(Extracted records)
---*---
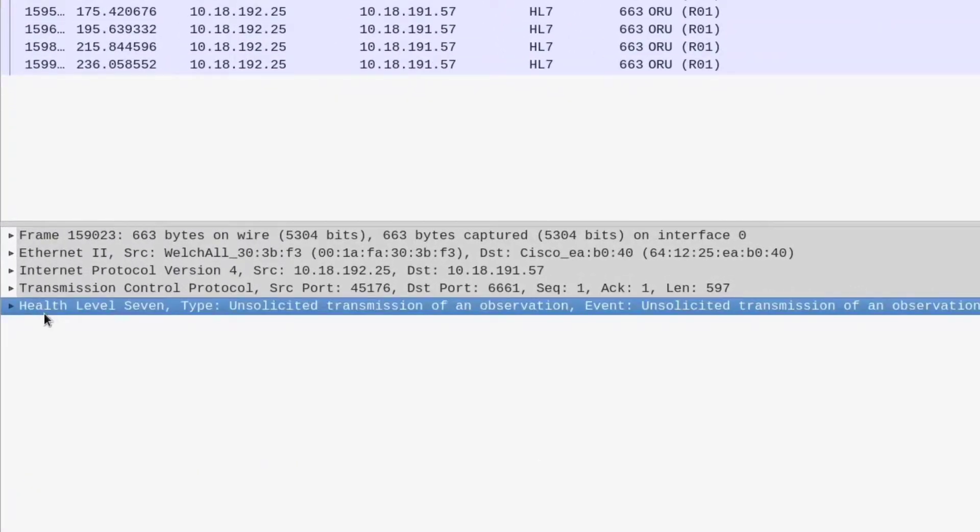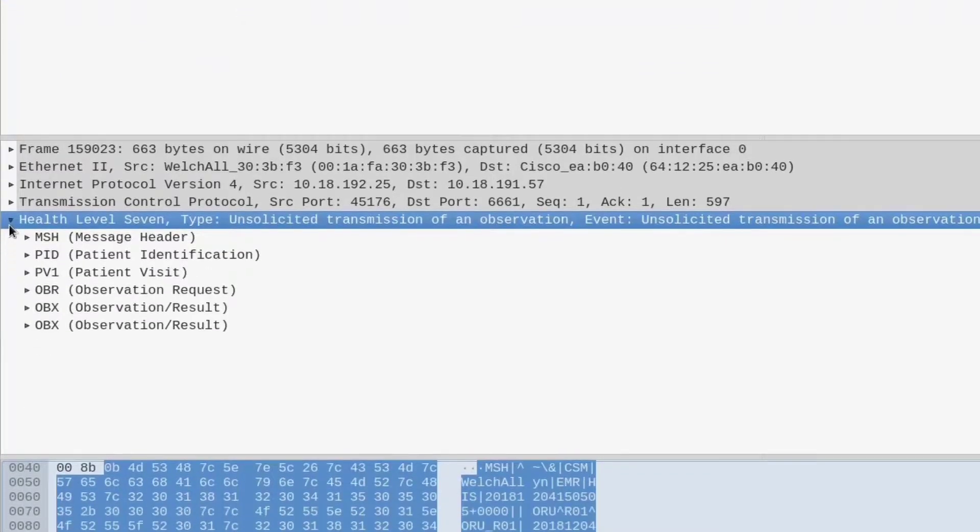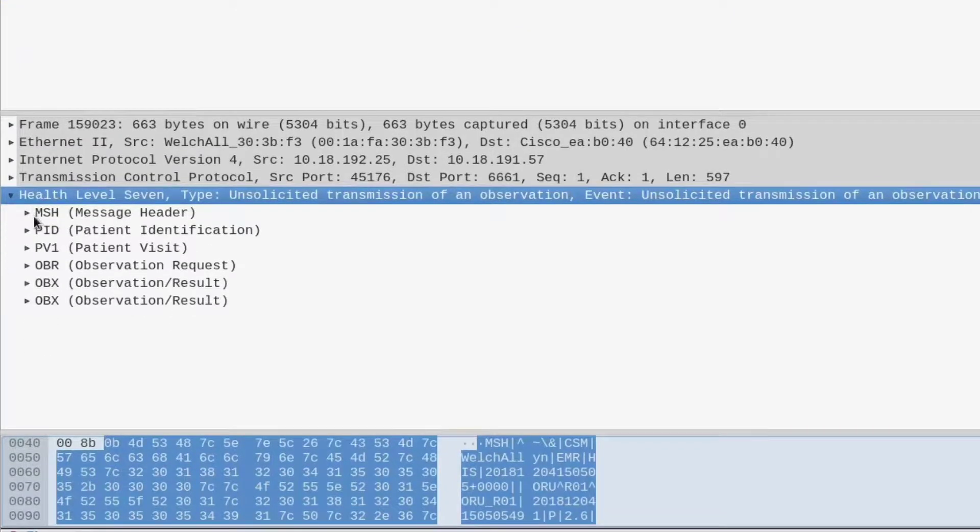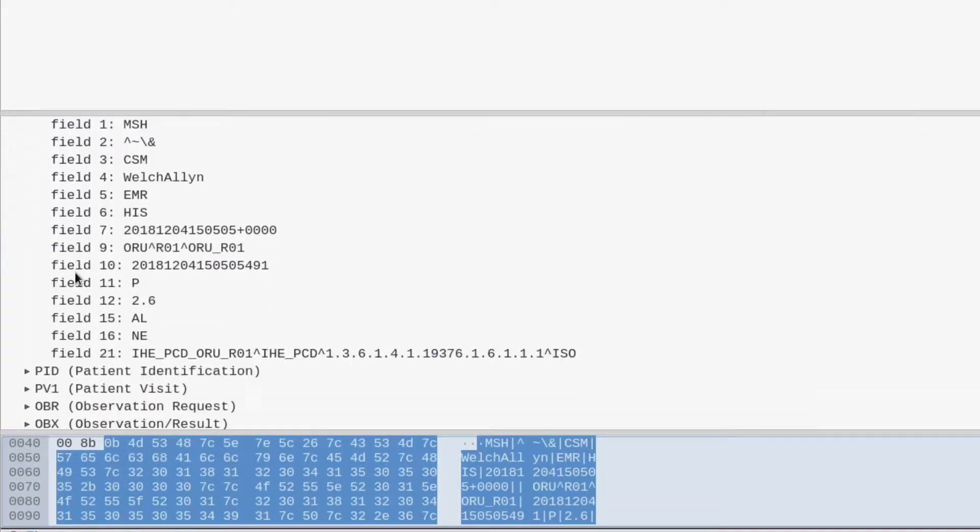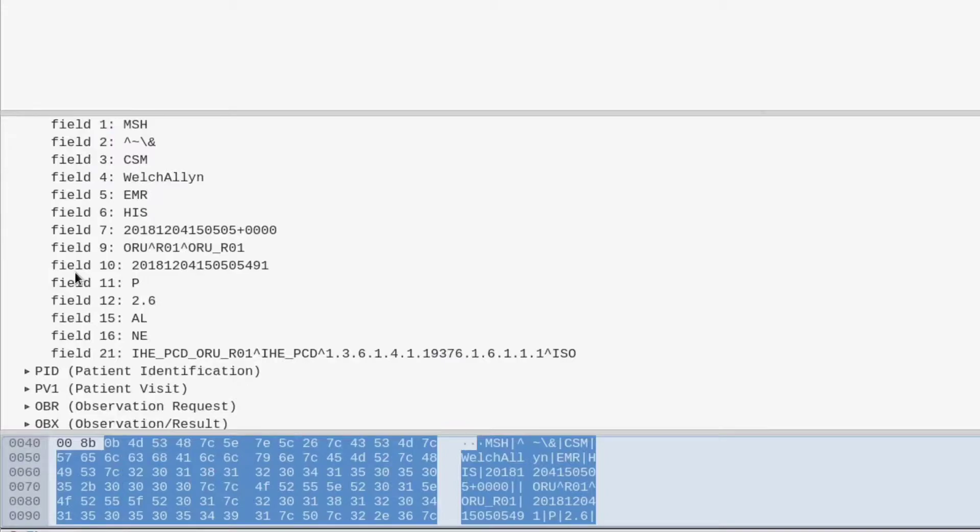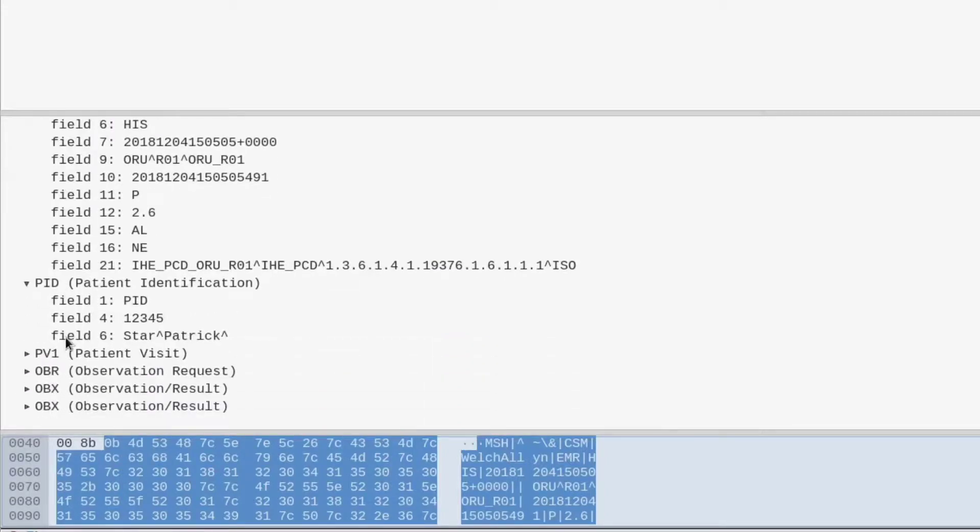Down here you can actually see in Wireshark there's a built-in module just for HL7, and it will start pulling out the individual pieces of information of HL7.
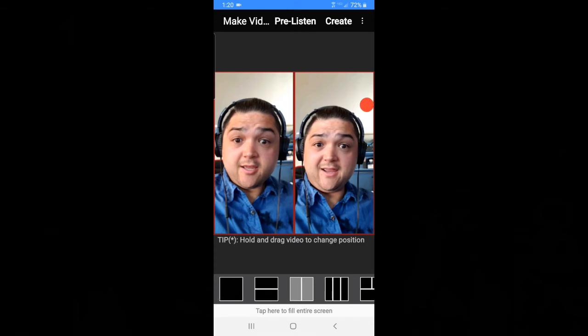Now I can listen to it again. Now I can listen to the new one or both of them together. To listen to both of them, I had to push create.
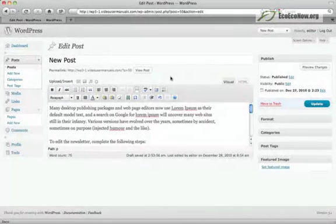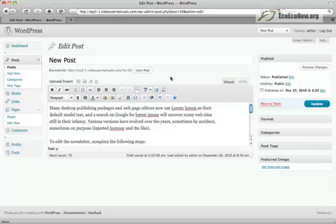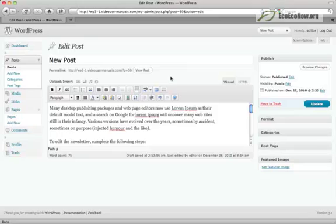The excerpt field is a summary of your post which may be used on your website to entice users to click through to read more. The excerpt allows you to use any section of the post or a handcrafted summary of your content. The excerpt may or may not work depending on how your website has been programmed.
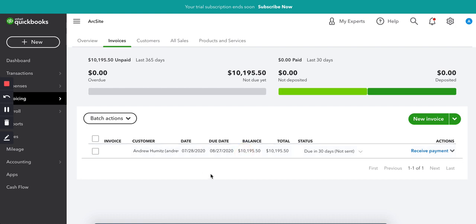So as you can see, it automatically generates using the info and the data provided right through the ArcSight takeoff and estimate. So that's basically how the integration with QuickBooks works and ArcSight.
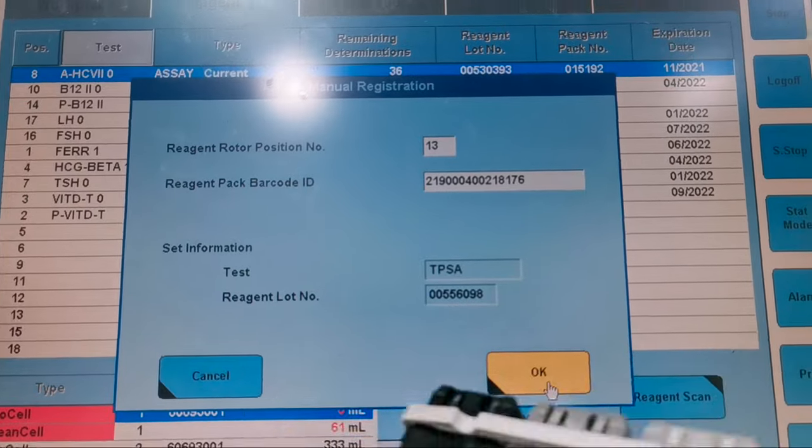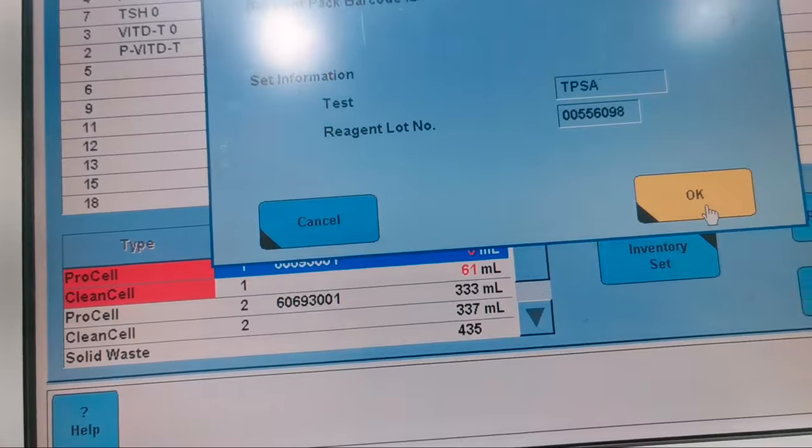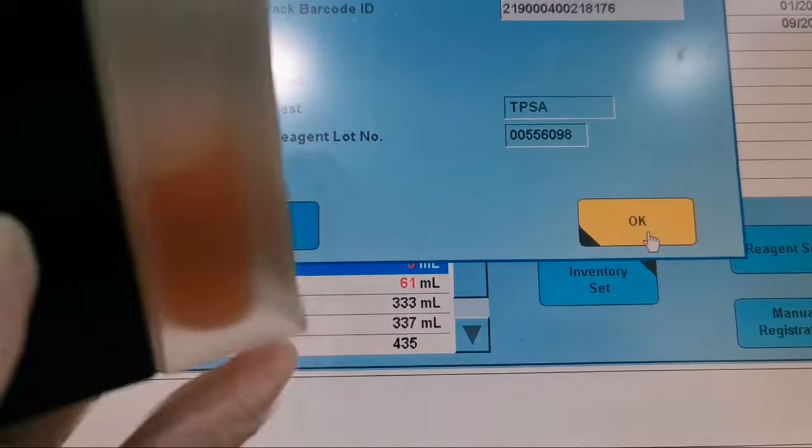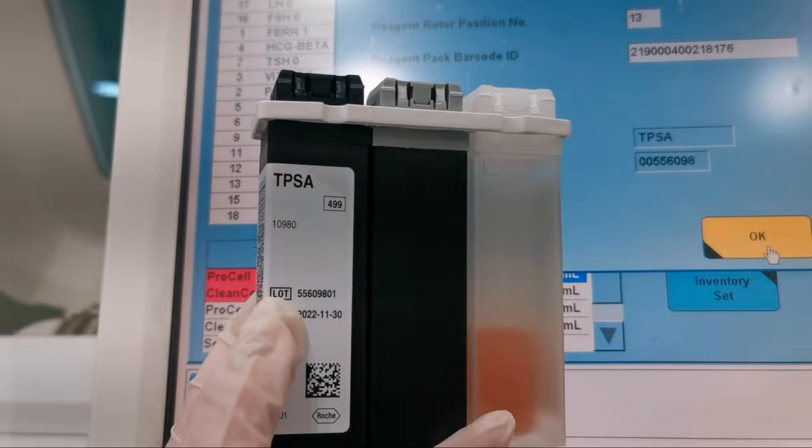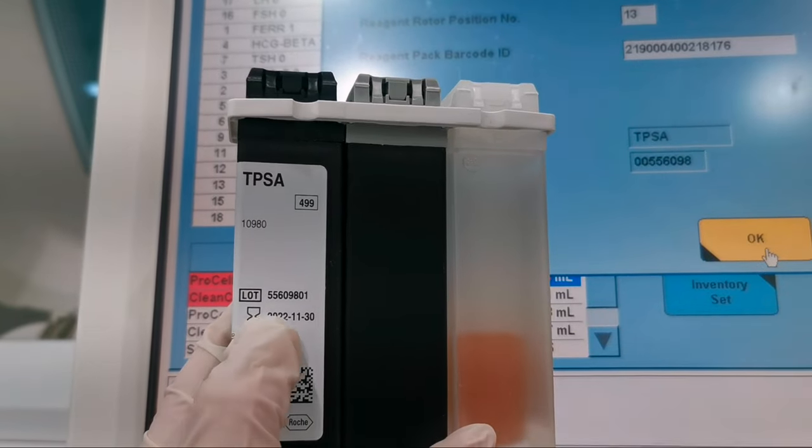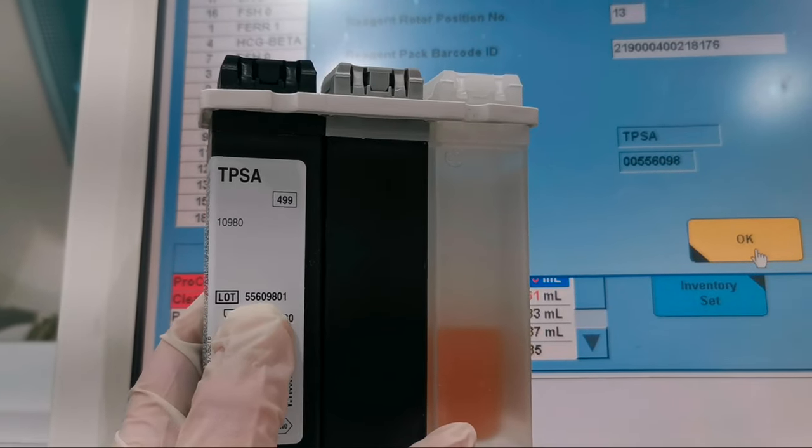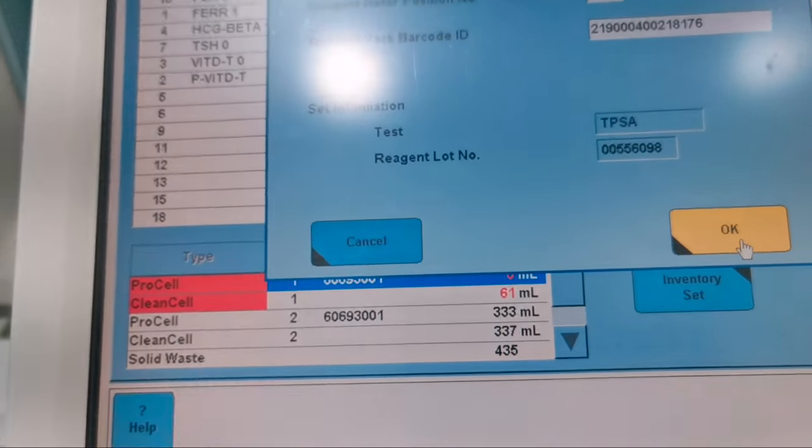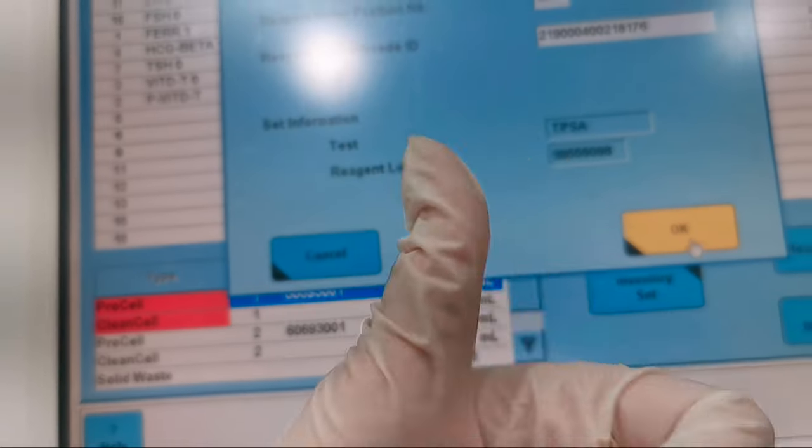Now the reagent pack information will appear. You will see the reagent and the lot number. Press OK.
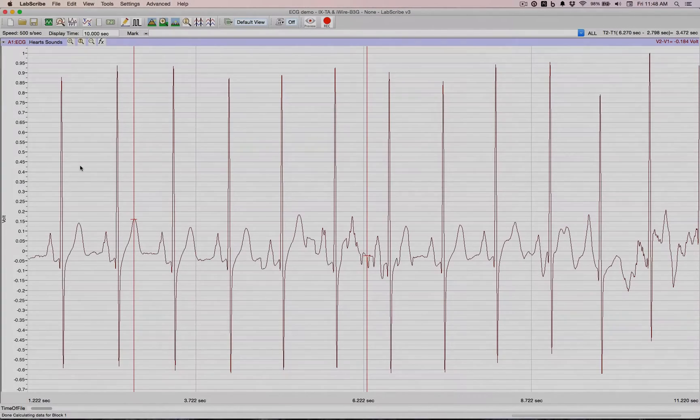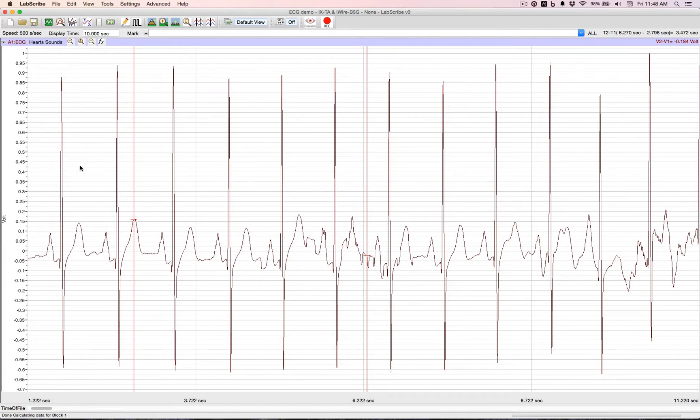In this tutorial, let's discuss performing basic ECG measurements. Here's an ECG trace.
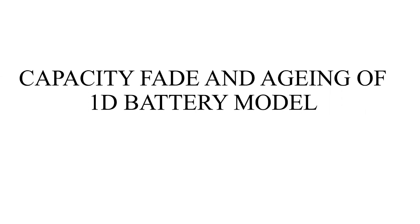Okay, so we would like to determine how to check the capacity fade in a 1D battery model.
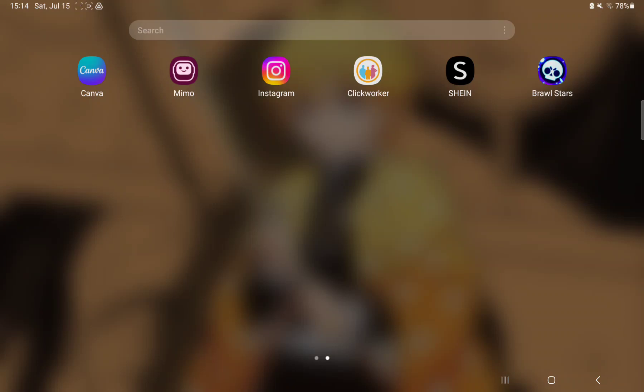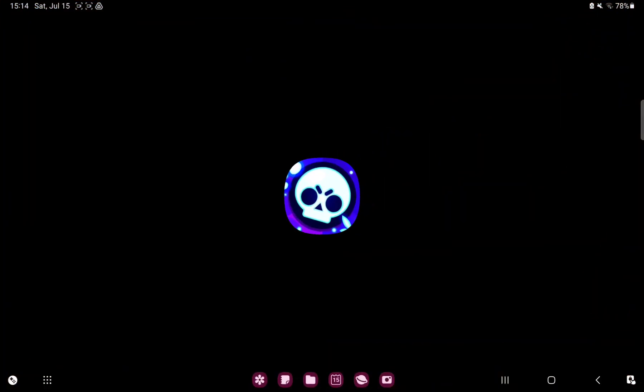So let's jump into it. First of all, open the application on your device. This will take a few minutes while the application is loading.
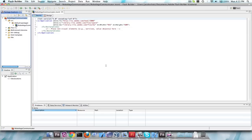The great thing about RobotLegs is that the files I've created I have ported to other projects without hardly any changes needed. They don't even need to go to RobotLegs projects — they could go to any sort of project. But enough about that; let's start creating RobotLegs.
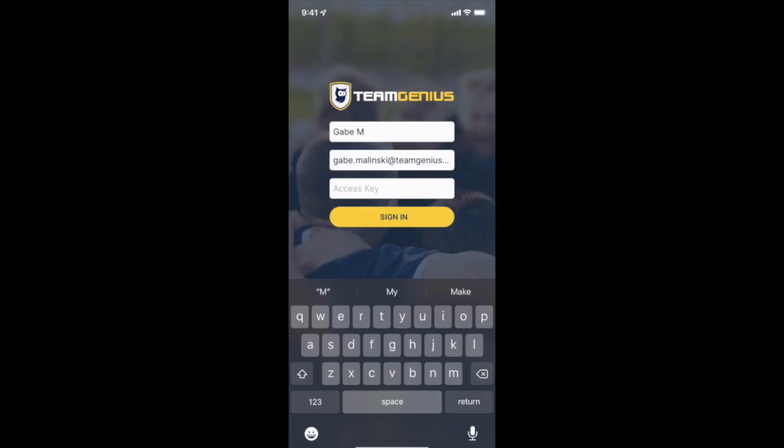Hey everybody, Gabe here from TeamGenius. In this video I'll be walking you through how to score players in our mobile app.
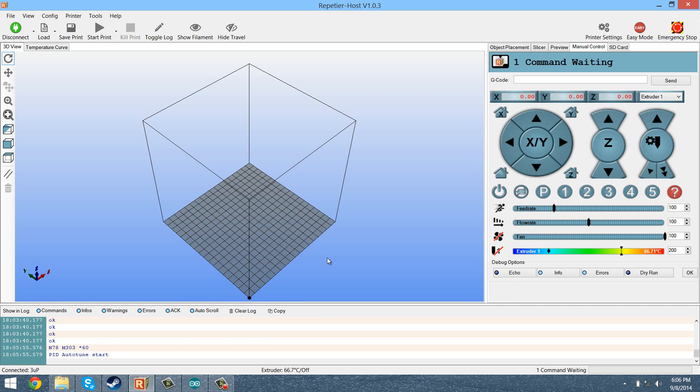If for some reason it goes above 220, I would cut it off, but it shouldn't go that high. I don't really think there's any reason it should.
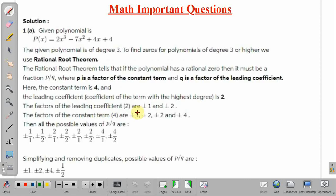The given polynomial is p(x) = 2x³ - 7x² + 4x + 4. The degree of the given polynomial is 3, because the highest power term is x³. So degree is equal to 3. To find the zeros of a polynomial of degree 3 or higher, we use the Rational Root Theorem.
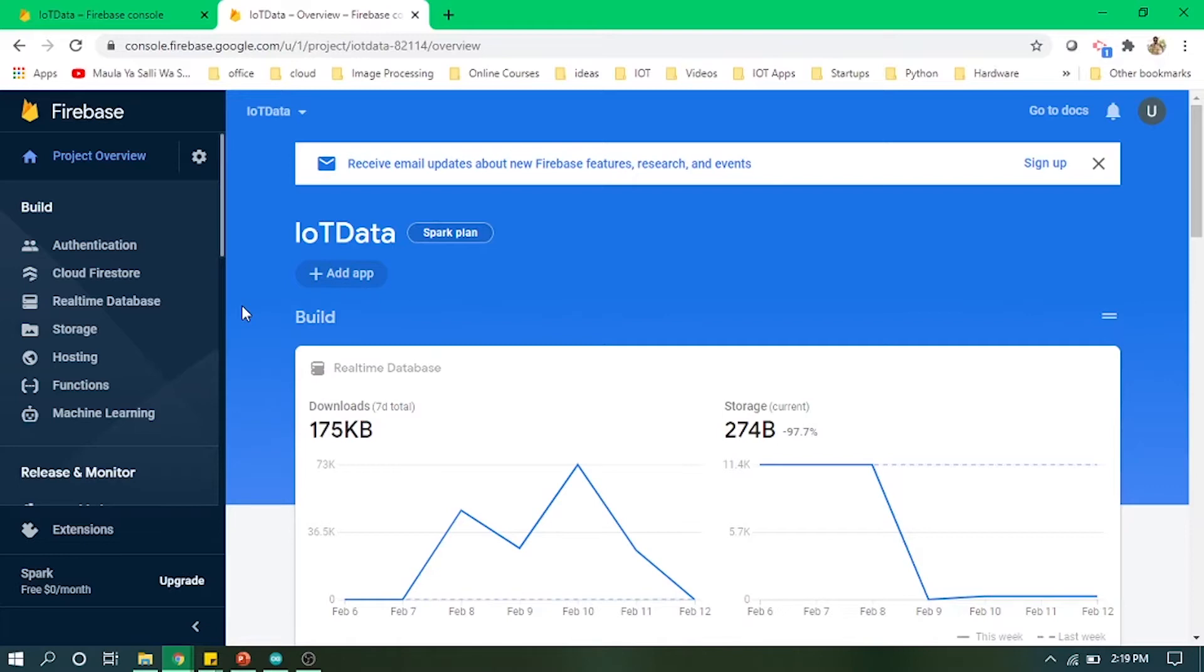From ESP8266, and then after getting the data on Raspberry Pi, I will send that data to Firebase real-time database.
---*---
Directions - Please output every entry exactly as written, apart from the pictures.

Task result -
Down here you can actually see in Wireshark there's a built-in module just for HL7, and it will start pulling out the individual pieces of information of HL7.
Now I can listen to it again. Now I can listen to the new one or both of them together. To listen to both of them, I had to push create.
The excerpt field is a summary of your post which may be used on your website to entice users to click through to read more. The excerpt allows you to use any section of the post or a handcrafted summary of your content. The excerpt may or may not work depending on how your website has been programmed.
So as you can see, it automatically generates using the info and the data provided right through the ArcSight takeoff and estimate. So that's basically how the integration with QuickBooks works and ArcSight.
Now the reagent pack information will appear. You will see the reagent and the lot number. Press OK.
In this tutorial, let's discuss performing basic ECG measurements. Here's an ECG trace.
Okay, so we would like to determine how to check the capacity fade in a 1D battery model.
So let's jump into it. First of all, open the application on your device. This will take a few minutes while the application is loading.
The great thing about RobotLegs is that the files I've created I have ported to other projects without hardly any changes needed. They don't even need to go to RobotLegs projects — they could go to any sort of project. But enough about that; let's start creating RobotLegs.
Hey everybody, Gabe here from TeamGenius. In this video I'll be walking you through how to score players in our mobile app.
If for some reason it goes above 220, I would cut it off, but it shouldn't go that high. I don't really think there's any reason it should.
The given polynomial is p(x) = 2x³ - 7x² + 4x + 4. The degree of the given polynomial is 3, because the highest power term is x³. So degree is equal to 3. To find the zeros of a polynomial of degree 3 or higher, we use the Rational Root Theorem.
From ESP8266, and then after getting the data on Raspberry Pi, I will send that data to Firebase real-time database.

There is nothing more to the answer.